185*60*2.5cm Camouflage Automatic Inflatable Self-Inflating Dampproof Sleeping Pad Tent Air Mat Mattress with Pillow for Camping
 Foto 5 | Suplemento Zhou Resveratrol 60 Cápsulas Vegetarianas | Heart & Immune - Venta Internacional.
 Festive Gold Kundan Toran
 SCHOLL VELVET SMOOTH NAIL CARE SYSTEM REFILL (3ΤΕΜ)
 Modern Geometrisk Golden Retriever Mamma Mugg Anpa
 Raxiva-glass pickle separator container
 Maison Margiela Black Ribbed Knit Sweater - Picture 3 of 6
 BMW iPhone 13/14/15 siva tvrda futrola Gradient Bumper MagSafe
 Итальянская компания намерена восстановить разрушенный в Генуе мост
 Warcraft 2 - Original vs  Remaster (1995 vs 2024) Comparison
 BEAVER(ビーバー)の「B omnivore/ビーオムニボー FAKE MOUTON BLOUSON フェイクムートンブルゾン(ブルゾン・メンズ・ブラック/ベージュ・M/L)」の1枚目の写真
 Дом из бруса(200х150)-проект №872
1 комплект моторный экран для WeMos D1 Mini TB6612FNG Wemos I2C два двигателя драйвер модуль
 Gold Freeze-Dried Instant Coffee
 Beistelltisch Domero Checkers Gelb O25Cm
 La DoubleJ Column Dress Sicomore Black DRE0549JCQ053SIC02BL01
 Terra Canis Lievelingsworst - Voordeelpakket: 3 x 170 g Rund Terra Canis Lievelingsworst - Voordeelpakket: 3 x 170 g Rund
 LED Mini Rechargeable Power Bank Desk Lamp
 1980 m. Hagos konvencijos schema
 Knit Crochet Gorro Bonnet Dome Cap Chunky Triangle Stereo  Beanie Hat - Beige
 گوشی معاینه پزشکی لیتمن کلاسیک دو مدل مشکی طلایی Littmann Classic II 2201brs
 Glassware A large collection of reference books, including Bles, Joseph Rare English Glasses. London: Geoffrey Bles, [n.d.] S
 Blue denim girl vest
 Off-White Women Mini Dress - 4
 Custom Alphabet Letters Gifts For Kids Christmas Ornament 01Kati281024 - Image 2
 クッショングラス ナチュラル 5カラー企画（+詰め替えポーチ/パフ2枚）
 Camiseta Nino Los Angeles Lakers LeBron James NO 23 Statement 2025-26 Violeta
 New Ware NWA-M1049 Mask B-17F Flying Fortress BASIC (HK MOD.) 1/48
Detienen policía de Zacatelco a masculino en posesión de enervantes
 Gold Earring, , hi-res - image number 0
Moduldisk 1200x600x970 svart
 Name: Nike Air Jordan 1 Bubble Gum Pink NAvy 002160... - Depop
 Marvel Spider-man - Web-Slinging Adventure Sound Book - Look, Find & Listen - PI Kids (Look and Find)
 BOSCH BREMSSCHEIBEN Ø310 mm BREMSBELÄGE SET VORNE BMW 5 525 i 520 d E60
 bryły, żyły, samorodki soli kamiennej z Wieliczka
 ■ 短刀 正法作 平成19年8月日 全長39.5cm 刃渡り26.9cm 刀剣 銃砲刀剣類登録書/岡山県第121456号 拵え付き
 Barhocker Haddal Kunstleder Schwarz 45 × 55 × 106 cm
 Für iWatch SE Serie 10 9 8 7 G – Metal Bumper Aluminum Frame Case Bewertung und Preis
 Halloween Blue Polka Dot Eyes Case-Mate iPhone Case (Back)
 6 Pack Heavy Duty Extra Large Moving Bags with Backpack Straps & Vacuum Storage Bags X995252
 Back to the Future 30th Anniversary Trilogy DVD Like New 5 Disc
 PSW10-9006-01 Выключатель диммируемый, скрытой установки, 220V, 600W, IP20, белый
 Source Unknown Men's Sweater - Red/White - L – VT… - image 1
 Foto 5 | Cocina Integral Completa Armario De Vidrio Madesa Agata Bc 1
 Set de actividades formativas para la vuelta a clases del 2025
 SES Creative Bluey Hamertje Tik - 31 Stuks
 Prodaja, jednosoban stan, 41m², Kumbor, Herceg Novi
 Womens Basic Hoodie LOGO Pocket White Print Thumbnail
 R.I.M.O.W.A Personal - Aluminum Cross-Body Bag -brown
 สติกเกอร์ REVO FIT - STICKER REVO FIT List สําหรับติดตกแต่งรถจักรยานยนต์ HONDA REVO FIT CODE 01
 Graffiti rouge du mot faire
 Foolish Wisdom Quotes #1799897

* _Exercise requirements_
Word for word, repeat the lines from the one holding "Womens Basic Hoodie" through the last line of the entries, both included.

* _Problem solution_
 Womens Basic Hoodie LOGO Pocket White Print Thumbnail
 R.I.M.O.W.A Personal - Aluminum Cross-Body Bag -brown
 สติกเกอร์ REVO FIT - STICKER REVO FIT List สําหรับติดตกแต่งรถจักรยานยนต์ HONDA REVO FIT CODE 01
 Graffiti rouge du mot faire
 Foolish Wisdom Quotes #1799897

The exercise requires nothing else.